Technological Progress as a Basis for Modern Architecture
Edited book, 2019
Early 20th-century modern architecture is a product of the Industrial Revolution. According to established historiography, it is not only inspired by avantgarde art, but also draws on engineering and the “anonymous ethos” of modern mass-society—it is architecture for the “machine age”.
The theme of this Special Issue is to investigate the significance of technological progress for the emergence and development of modern architecture. One key question is, how new materials (iron, glass, concrete), new concepts (standardization, modularization, mass production), constructions (curtain wall glass facades, flat roofs) and the mechanization of buildings evolve parallel to the modernization of architecture and how they change architectural thinking and the built form.
Many exemplary designs convey an aesthetic promise of progress and are designed according to functional, rational or utilitarian principles—with a new tectonic expression and a machine aesthetic with attributes such as transparent facades, a modular order and without ornaments.

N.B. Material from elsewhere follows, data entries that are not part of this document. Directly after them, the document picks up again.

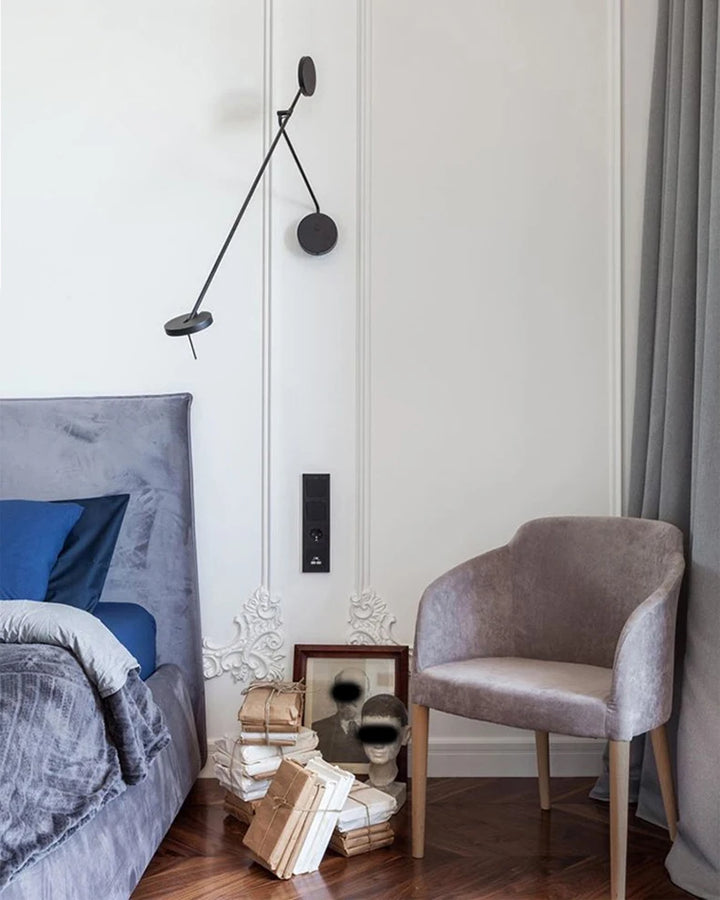 Nëris Bras Long Métal Noir Minimaliste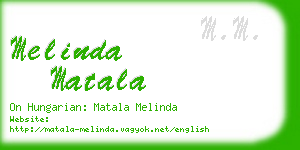 melinda matala business card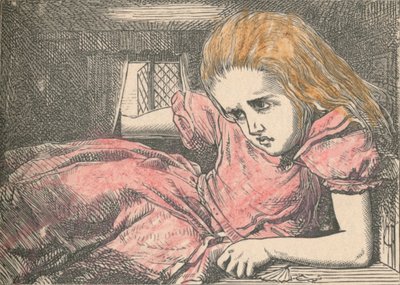 Alice, terwijl ze groter wordt, 1889 door John Tenniel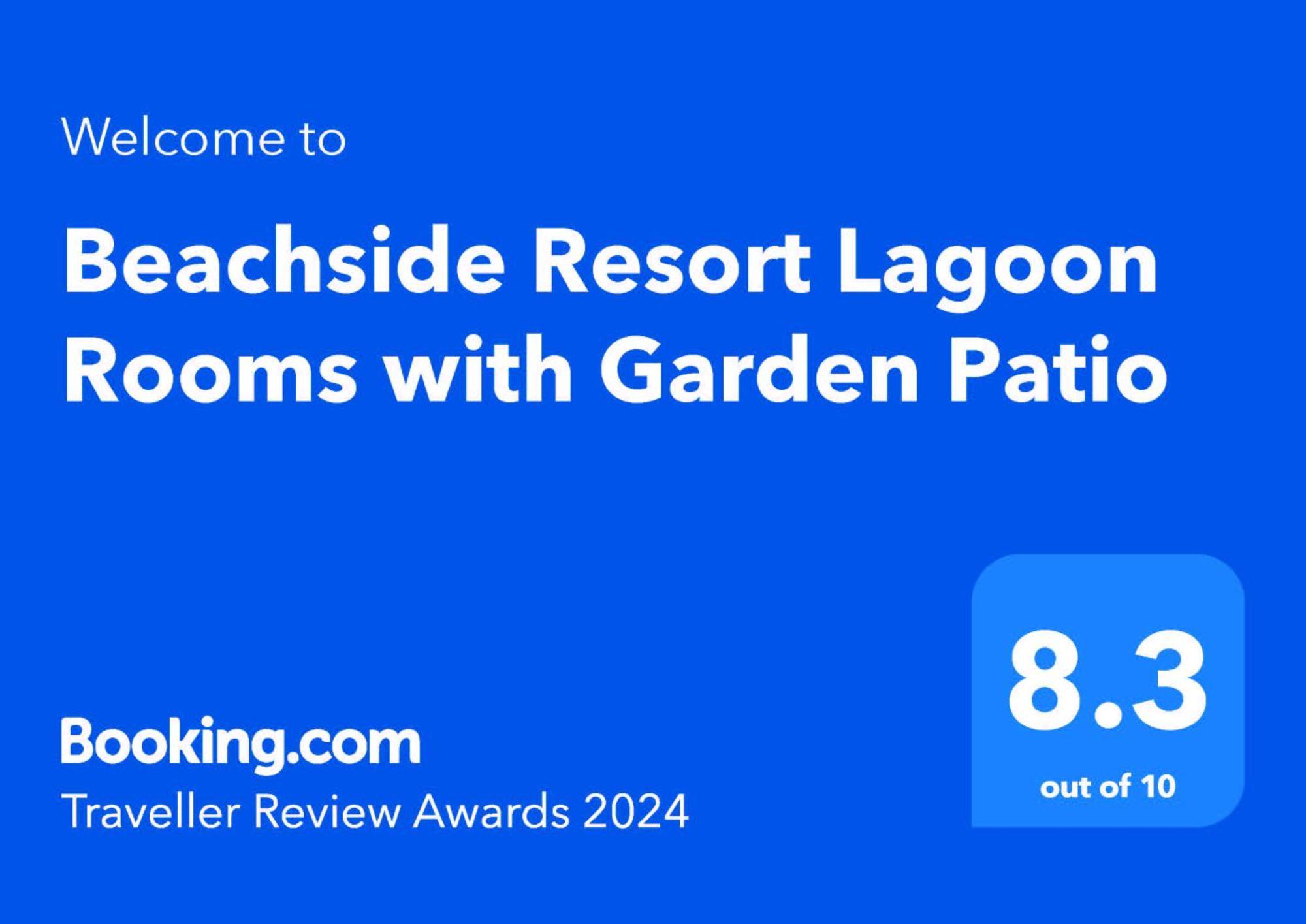 Beachside Lagoon With Garden Patio Apartment *
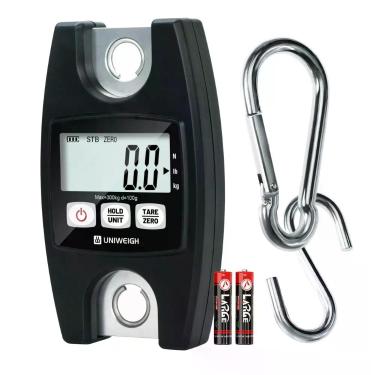 Imagem de Balança de suspensão digital UNIWEIGH 300 kg/660 lb com LCD/Hold/Tare
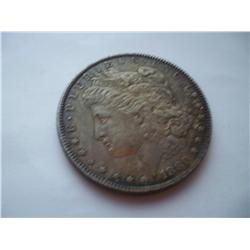 SUPER 1880-O MS-63 Morgan Silver Dollar W/ Deep Toning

We want to examine, how architects deal with technological progress: Are they are only recipients, adapting innovations to achieve a new architectural expression? Or are they active protagonists of technological progress, and the desire for a new architecture precedes or promotes the development of corresponding technological innovations? And how do their buildings in reality and on a material level live up to the aesthetic promise of progress? In this context the relationship between architect and engineer is of importance, as it is often engineers who are the protagonists of the Industrial Revolution.
The interaction between art and technology may help to trace the mechanisms of technological vs. architectural progress and to illuminate their role in modern architecture. The goal is to complement its historiography with the hitherto largely missing aspect of technology. Not least, contemporary global changes driven by technology suggest also a correspondingly aligned questioning of modern architecture’s historiography.